TUCSON, AZ (Tucson News Now) - The Tucson Unified School District has announced a plan to address disciplinary issues at Booth-Fickett K - 8 at Broadway and Kolb on Tucson's east side.
The school, which is a just a step above failing, has been troubled by fighting on campus, truancy, bullying and classroom disruptions for years.
Much of the problem, according to new district Superintendent Dr. Gabriel Trujillo, can be traced to acute shortage of teachers.
"Because of the staff shortage and not having no subs in place, daily subs, the intervention teams that are really on the ground and supposed to be working with kids are in classrooms," he said.
The school has a 15 percent vacancy rate for teachers right now. The school is nine teachers short in a staff of 55, the biggest shortage in the district.
"I think having more teachers will help us take a step in solving the problems," Dr. Trujillo said. "I don't think they're going to solve everything."

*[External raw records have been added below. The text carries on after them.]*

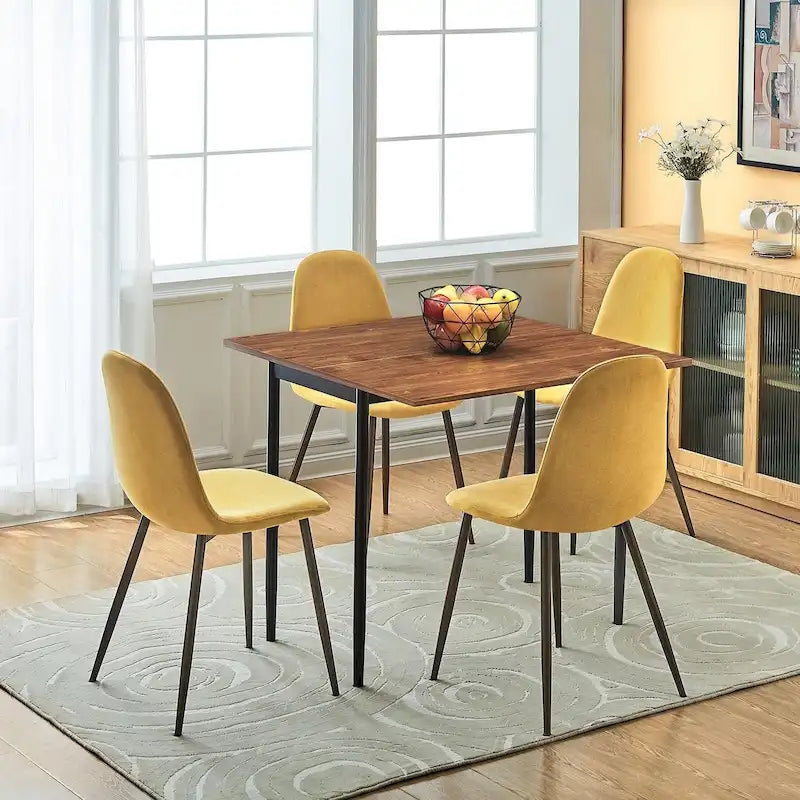 HomyLin Dining Chair Set of 4 Upholstered Fabric Low Back Armless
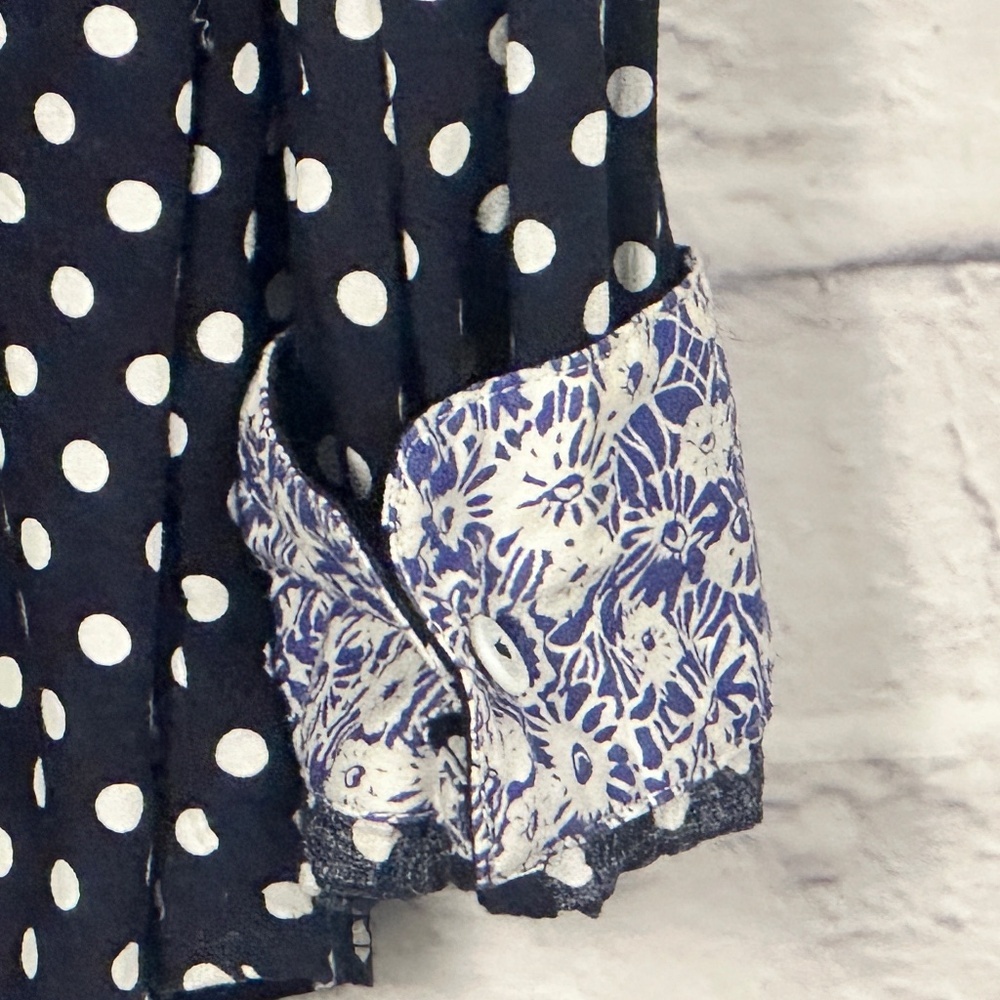 Navy Polka Dot Blouse with Sheer‎ Back Inset - Picture 6 of 10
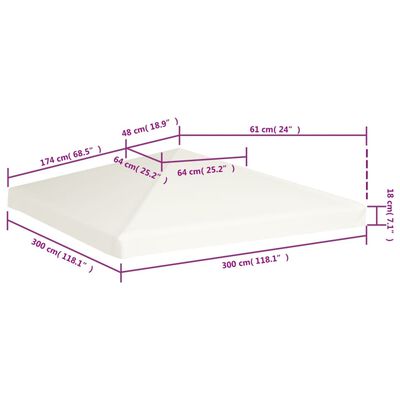 vidaXL Gazebo Top Cover 1 oz/ft² 9.8'x9.8' Cream White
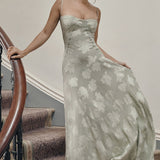 Lace Tie-Strap Romantic Maxi Dress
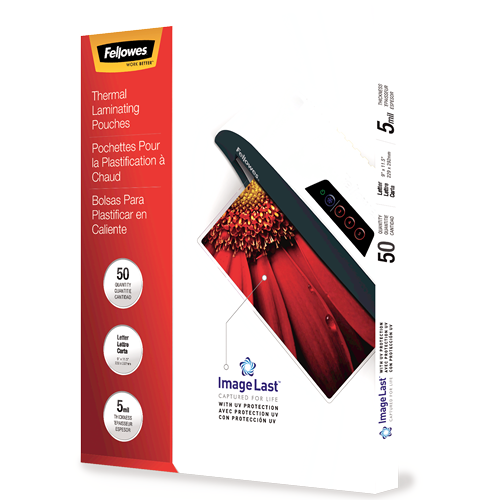 Fellowes Premium Thermal Laminating Pouches - ImageLast, Hassle-Free, Letter Size, 5 mil, Pack of 50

Too that end, Booth-Fickett is also one of eight schools that will get a school resource officer from the Tucson Police Department, thanks to a $2.2 million gr ant.
The school will also add three school monitors, a social worker, and case support for teaching staff and administrators. The additional support will allow for more direct parental intervention at the school.
It is also in the process of adding teachers and hopes to have that issue solved in the next ten days.
One item which is supported by Dr. Trujillo and will be discussed by the full school board, is the addition of extra incentives for teachers at Booth-Fickett.
"I don't want to create the impression that this support is going to be the magic bullet," Dr. Trujillo said. "It designed to get us back in the right direction."
He believes for the changes to take hold and begin the road to improvement will come from a change in the culture and climate of the school.
Booth-Fickett has 950 students in K-8.
Two years ago, amid charges of extreme bullying at the school, the students formed their own bullying patrol, carrying cameras to record bad behavior.
Trujillo says he hopes to see improvements in as little as three weeks.